Benedick’s jaw firmed. It was the only outward symptom of distress—or determination—that Tristen was likely to get. “Evidence?”
“The Captain—” Important, that, for if Tristen had put them on equal terms when he called Benedick
brother
, now he reestablished the chain of authority. “She went through Ariane’s memories.”
Again, Benedick showed that firming of the jaw that could not exactly be termed a flinch. “I would have expected her to wipe something like that at the hippocampus. Or at the very least, have it on a dead-man’s switch so that, when Perceval ate her, she wouldn’t get access to Ariane’s failsafe plan. But then, Ariane always was an overwhelming egotist.”
“She did wipe it.” Tristen enjoyed watching the surprised mothflutter of a smile at the corners of Benedick’s mouth, gone as quickly as a flicker. No matter what else came between, paternal pride was beautiful. “Perceval found the repeated segment.”
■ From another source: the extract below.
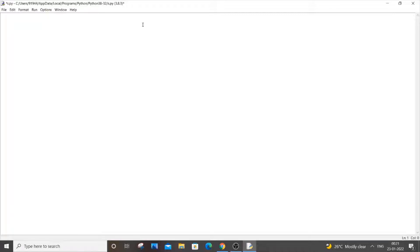First, let's create a class. It's going to be 'class' and let the name of our class be 'Student'.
“So it’s conjecture that the daemon-seed went into Oliver.”
“Conjecture supported by circumstantial evidence. A newly installed personality—Jsutien—would grow around the daemon-seed and disguise it.”
“And Jsutien was the person present when Arianrhod escaped,” Benedick finished.
“Also, Nova cannot confirm his whereabouts for the duration of the attack on Engine.”
Benedick was also too disciplined to curse. And although Tristen knew he had a startling, mercurial sense of humor,
it was not on display now. “You’re assuming he’s not aware of the daemon he carries.”
“If you were Ariane, would you place that much trust in a mule?”
Benedick wrapped a long hand around the squareness of his jaw. “I’ll bring him into custody. Cynric can take his head apart and see what’s hiding in there. She’s more likely to put something functional back together when she’s done rooting around than anyone else would be.”